== Collected material ==

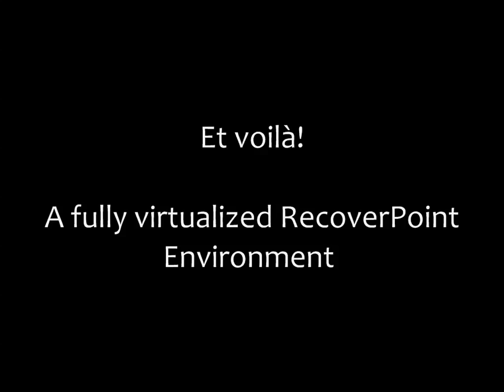And there you have it, a fully functional, virtualized RecoverPoint environment. Thank you for watching, and please look out for related videos on how to replace a virtual RPA, how to provide HA functionality and move a virtual RPA to a new host, as well as Site Recovery Manager integration.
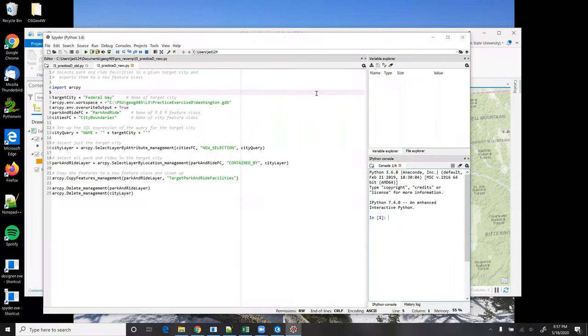In this video, I'll be explaining one solution to Lesson 3, Practice Exercise D, in which we need to select park and ride facilities in a given target city and export them to a new feature class.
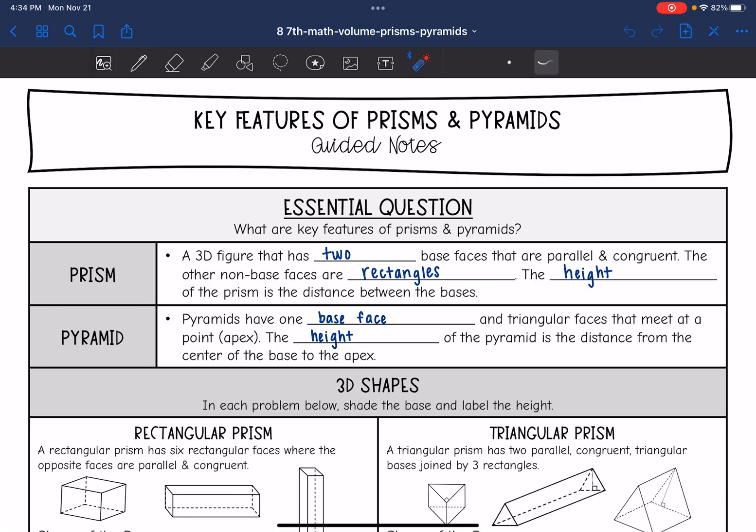Hey guys, today we are going to be looking at key features of prisms and pyramids.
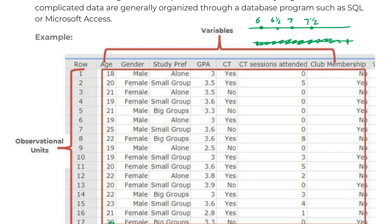And you can see here for our quantitative, we have some discrete, we have a continuous, we have another discrete. Now I do want to talk a little bit more about age. Age technically could be considered a continuous variable depending on how it's collected. So here they obviously collected it as a whole number. That's how most humans who are adults report out their age.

== Task objective ==
Omit all images when repeating the data above exactly.

== Result of this exercise ==
And there you have it, a fully functional, virtualized RecoverPoint environment. Thank you for watching, and please look out for related videos on how to replace a virtual RPA, how to provide HA functionality and move a virtual RPA to a new host, as well as Site Recovery Manager integration.
In this video, I'll be explaining one solution to Lesson 3, Practice Exercise D, in which we need to select park and ride facilities in a given target city and export them to a new feature class.
Hey guys, today we are going to be looking at key features of prisms and pyramids.
And you can see here for our quantitative, we have some discrete, we have a continuous, we have another discrete. Now I do want to talk a little bit more about age. Age technically could be considered a continuous variable depending on how it's collected. So here they obviously collected it as a whole number. That's how most humans who are adults report out their age.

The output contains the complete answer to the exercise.